Autumn era alegre y directa, siempre llena de energía. Sierra se llevaba bien con sus tres compañeros de laboratorio —excepto con Finn.
Finn, por alguna razón, tenía la costumbre de señalar sus defectos. Como Sierra nunca había recibido formación académica formal, todavía desconocía muchas cosas, especialmente cuando se trataba de manejar equipos de laboratorio e instrumentos avanzados. Cada vez que cometía un error o dudaba, Finn no podía resistirse a hacer un comentario mordaz.
Pero todo estaba dentro de un rango aceptable. Además, Autumn siempre estaba allí para respaldarla. Cada vez que Finn abría la boca para criticar a Sierra, Autumn inmediatamente comenzaba a divagar sobre el día que conoció a Jonathan, todavía emocionada por ello.
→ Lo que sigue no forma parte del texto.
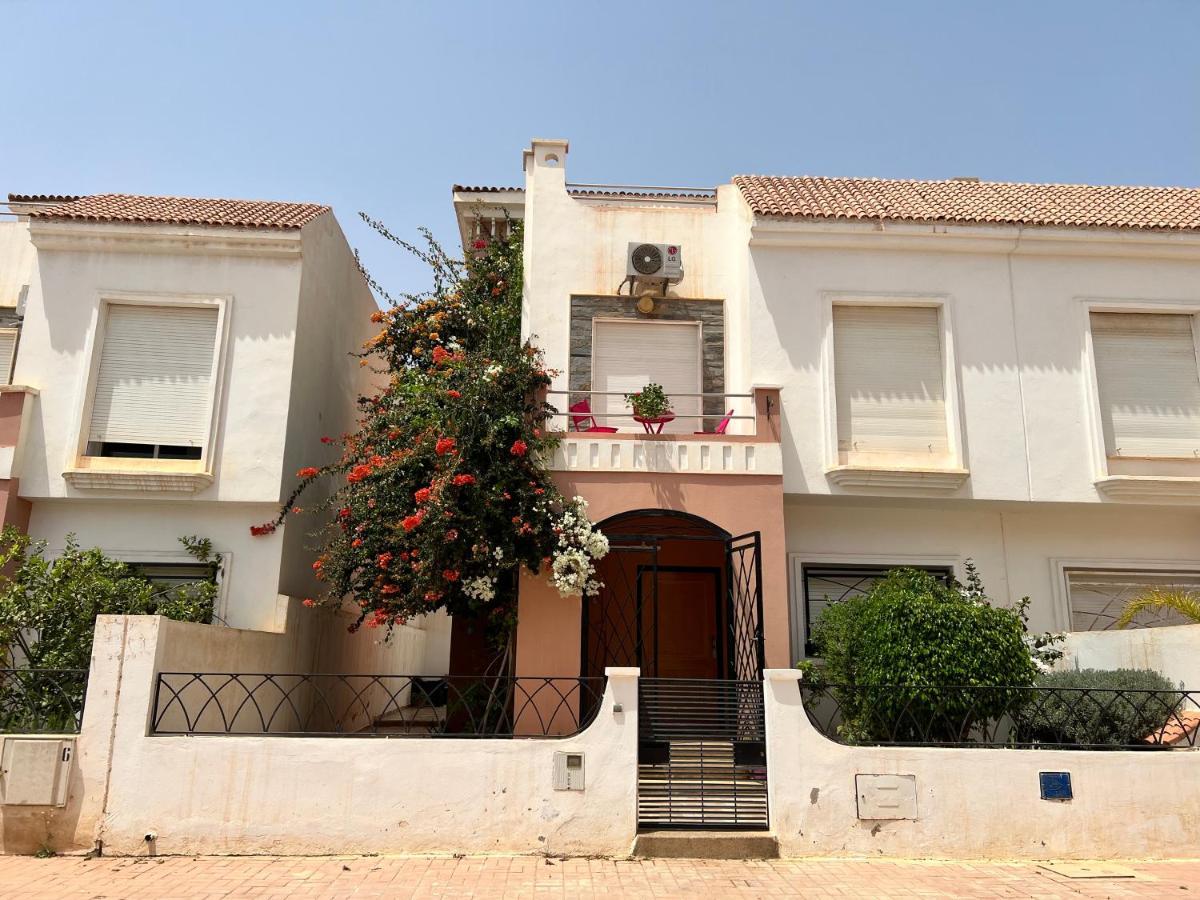 Maison Du Bonheur En Bord De Mer Avec Piscine Saïdia Zewnętrze zdjęcie
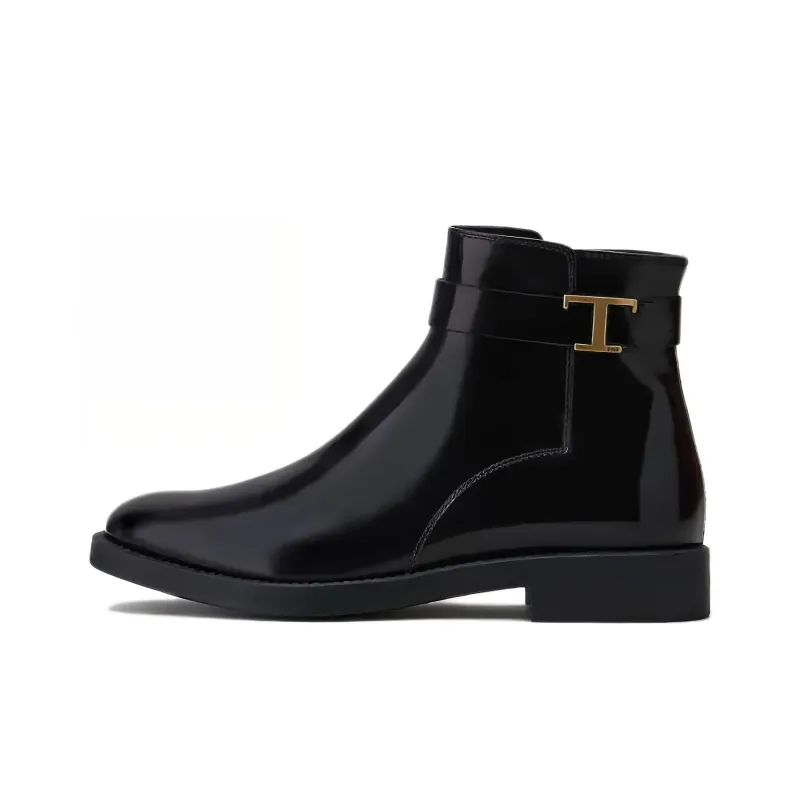 TOD'S Fashion Ankle Boots Women's Black-0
Sin falta, Finn se quedaba callado y se enfurruñaba.
Sierra había notado a Finn mirándola varias veces, siempre con una expresión que parecía como si quisiera decir algo pero se contenía. En el momento en que ella se giraba para enfrentarlo, él rápidamente desviaba la mirada, su orgullo no permitiéndole hablar.
Al principio, ella no entendía cuál era su problema. Hasta que Autumn finalmente la puso al tanto.
—Anhela conocer al señor Jonathan —reveló Autumn, apenas conteniendo una carcajada—. Pero su orgullo le impide suplicar tu ayuda.
A Sierra le resultaba casi inverosímil. Sin embargo, comprendió plenamente la veneración que Jonathan despertaba entre este círculo académico.
Tras un momento de deliberación, salió discretamente y marcó el número de Jonathan. Transcurrieron varios segundos antes de escuchar su respuesta.
—¿Ocurre algo? ¿Ha pasado algo inesperado? —su voz transparentaba una nota de inquietud. Sierra raramente lo contactaba a esa hora.
—¡Todo está perfectamente! —se apresuró a tranquilizarlo—. Solo quería consultarte si dispones de tiempo libre hoy. ¿Podrías acercarte al laboratorio a recogerme?